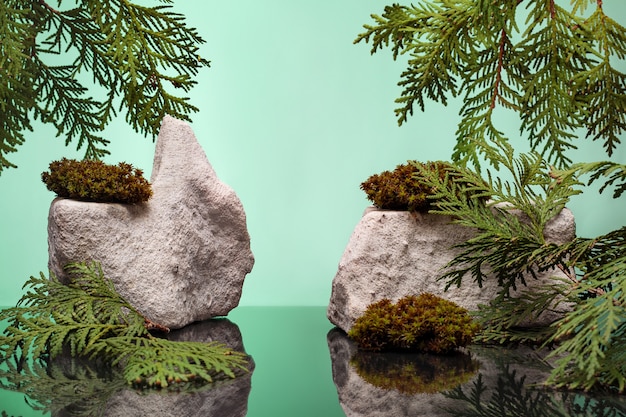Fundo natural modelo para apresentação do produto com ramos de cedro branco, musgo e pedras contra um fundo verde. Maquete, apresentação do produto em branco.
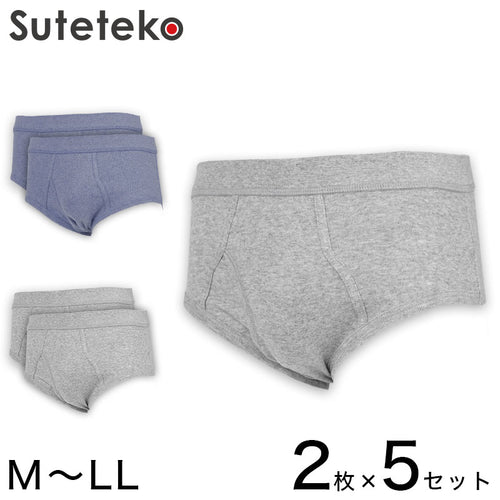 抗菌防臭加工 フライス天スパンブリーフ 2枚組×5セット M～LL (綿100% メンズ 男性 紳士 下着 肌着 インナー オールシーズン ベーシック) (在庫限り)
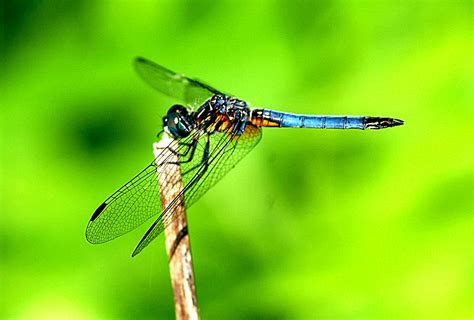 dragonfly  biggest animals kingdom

== == ==

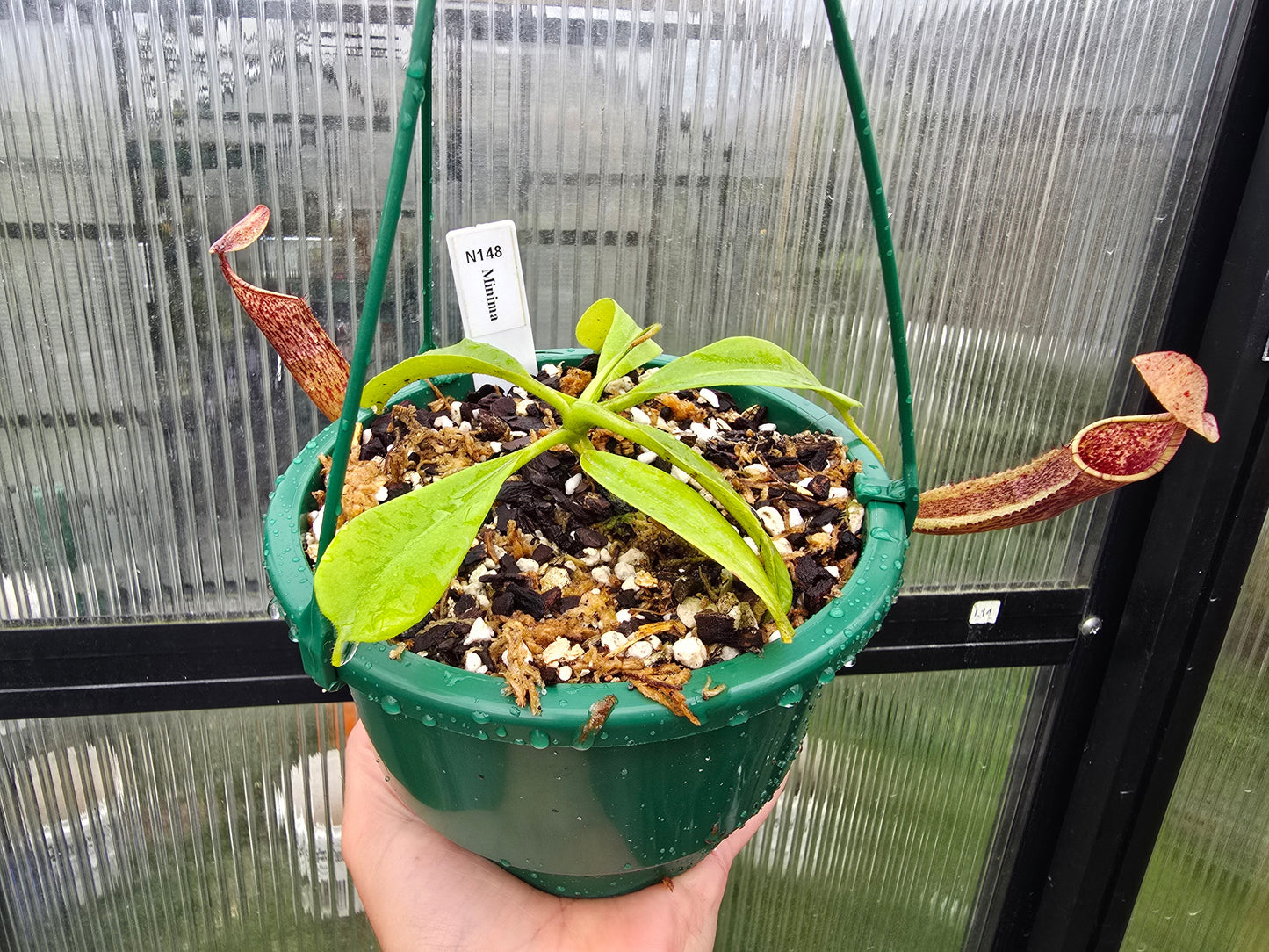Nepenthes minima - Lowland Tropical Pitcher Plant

== == ==

Task
Please output the lines above beginning at the line with "抗菌防臭加工 フライス天スパンブリーフ 2枚組×5セット" and ending after the line with "biggest animals kingdom", precisely as written and with no pictures.

Your response
 抗菌防臭加工 フライス天スパンブリーフ 2枚組×5セット M～LL (綿100% メンズ 男性 紳士 下着 肌着 インナー オールシーズン ベーシック) (在庫限り)
 dragonfly  biggest animals kingdom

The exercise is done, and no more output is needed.